LordHoto hat geschrieben: Then again here comes my confusion into this, in the DSM we need a write to reach a final state, thus I don't get why the write at w2 gets deleted. Obviously this could lead to an error state, since we only check for the event to be present and don't do a more sophisticated analysis like in the NopShadow-Analysis.
w2 can only refer to objects created at allocation site o2. But there cannot be any close events on those objects - ever: the points-to set of the only close shadow c1 is {o1}. Monitoring "write" on objects that can never be closed is wasted time. Hence w2 can be dropped.
So in the OSA and unlike in the quick check, we check for all the events, which need to be there to reach a final state (in our example automation at least a close + write)? Or do I understand the "for every symbol that is required to reach a final state" wrong, on a first read it sounded to me like this really means just all the symbols which directly enter a final state from *any* other state. But reading your explanation again, it might mean that I need to check every symbol on a path to a final state?

EDIT: To give some example for a DSM with states 1,2,3 (1 being start state, 3 being final state) and events {a,b,c} and a transition relation {(1,a,2) (1,b,2) (2,c,3)} I read that only "c" is a required symbol.
Compiler 1 Tutor WS 12/13

tgp
Sonntagsinformatiker
Sonntagsinformatiker
Beiträge: 268
Registriert: 15. Nov 2006 21:41

Re: Orphan Shadow Analysis

Beitrag von tgp » 28. Feb 2012 13:51

The check "can a final state still be reached?" is already done in the Quick Check analysis:
Paper hat geschrieben:We implement this [quick] check as follows. For each tracematch [automaton representation], we remove edges from its automaton whose label has a shadow count of 0 [= do not appear in the program]. Then we check to see if a final state can still be reached. If the final state can’t be reached, the entire tracematch is removed and all its associated shadows are disabled.

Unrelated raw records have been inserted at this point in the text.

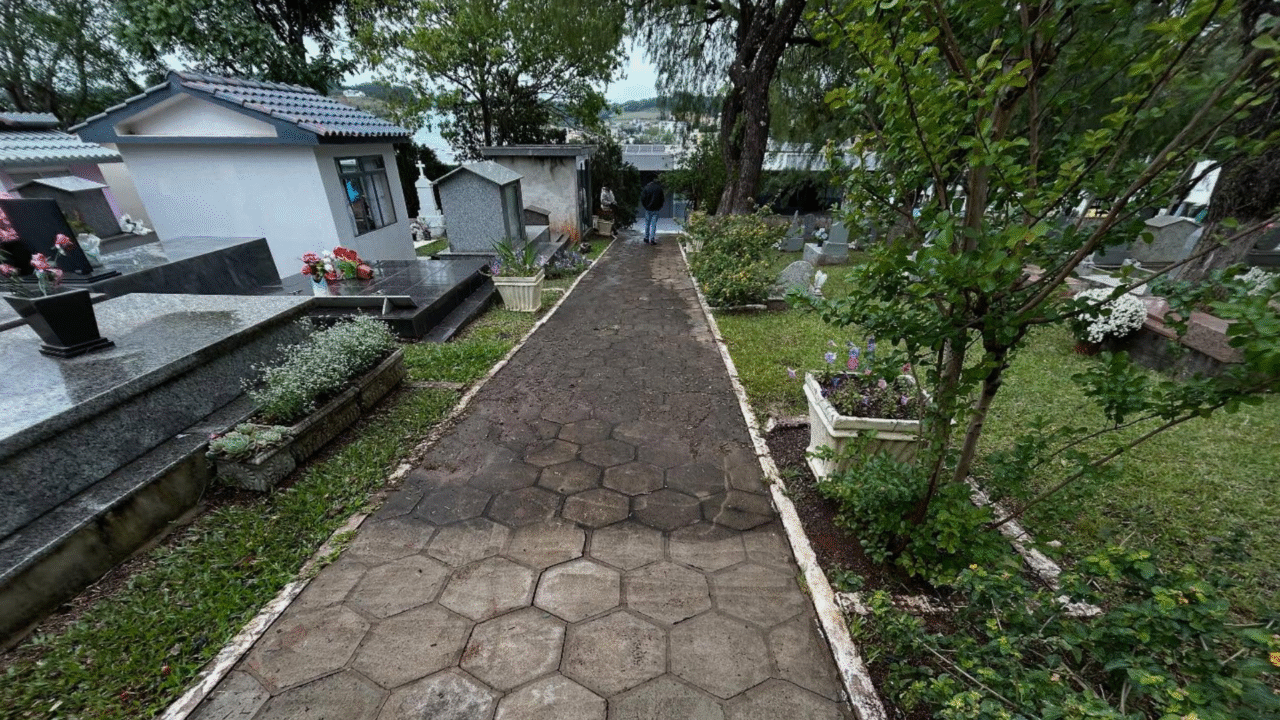 São José do Cedro realiza limpeza e manutenção no Cemitério para o Dia de Finados 6 São José do Cedro realiza limpeza e manutenção no Cemitério para o Dia de Finados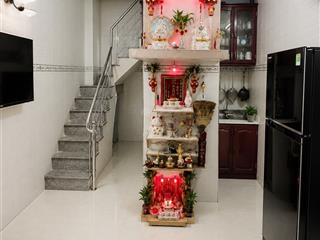 Nhỉnh 1 tỷ, gần chợ hoa tết sôi động dịp xuân về
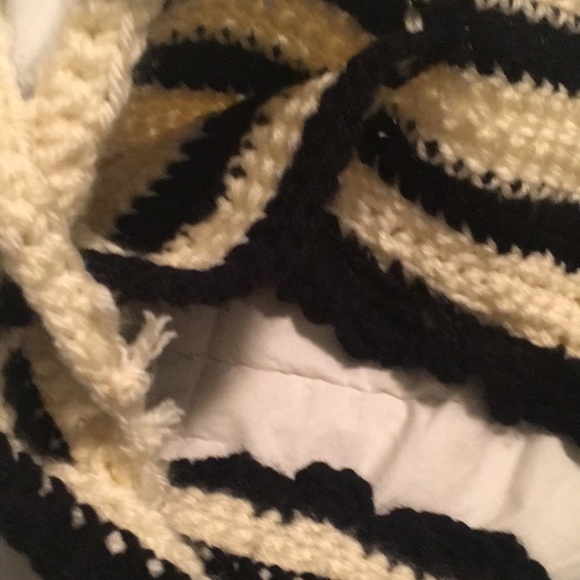 Black and white crocheted crop top built in pocket - Picture 3 of 3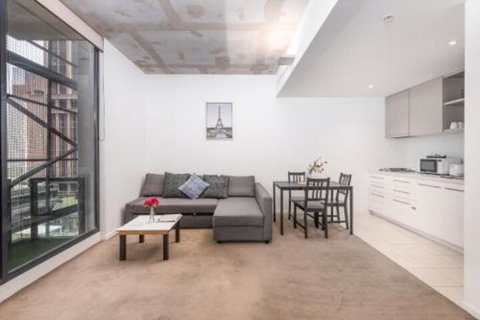 Little Collins Apartment - C Tourism 1
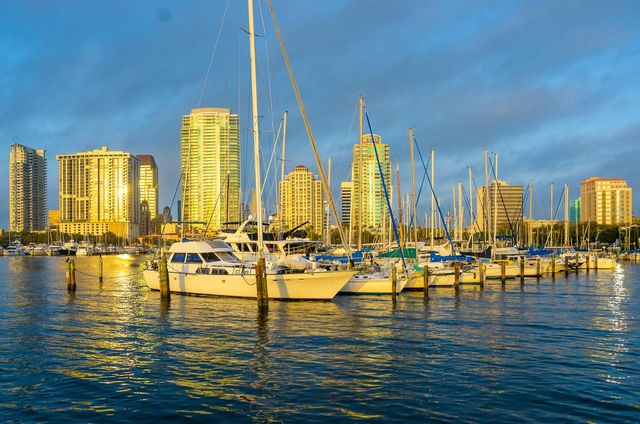 5215 COQUINA KEY DRIVE SE A, St Petersburg, FL 33705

If the quick check fails for a tracematch, i.e. all necessary symbols were applied at least once, we have to change to a more detailed level of abstraction which leads us to the flow-insensitive analysis [OSA].

Benutzeravatar
ericbodden
Sonntagsinformatiker
Sonntagsinformatiker
Beiträge: 243
Registriert: 5. Apr 2010 19:06

Re: Orphan Shadow Analysis

Beitrag von ericbodden » 28. Feb 2012 14:13

LordHoto hat geschrieben:Or do I understand the "for every symbol that is required to reach a final state" wrong, on a first read it sounded to me like this really means just all the symbols which directly enter a final state from *any* other state. But reading your explanation again, it might mean that I need to check every symbol on a path to a final state?
Yes, I mean every symbol on a path to the final state.
-- Eric

LordHoto
BASIC-Programmierer
BASIC-Programmierer
Beiträge: 135
Registriert: 14. Dez 2009 17:00

Re: Orphan Shadow Analysis

Beitrag von LordHoto » 28. Feb 2012 14:19

ericbodden hat geschrieben:
LordHoto hat geschrieben:Or do I understand the "for every symbol that is required to reach a final state" wrong, on a first read it sounded to me like this really means just all the symbols which directly enter a final state from *any* other state. But reading your explanation again, it might mean that I need to check every symbol on a path to a final state?
Yes, I mean every symbol on a path to the final state.
Ah thanks, that really clears up the confusion on my side then!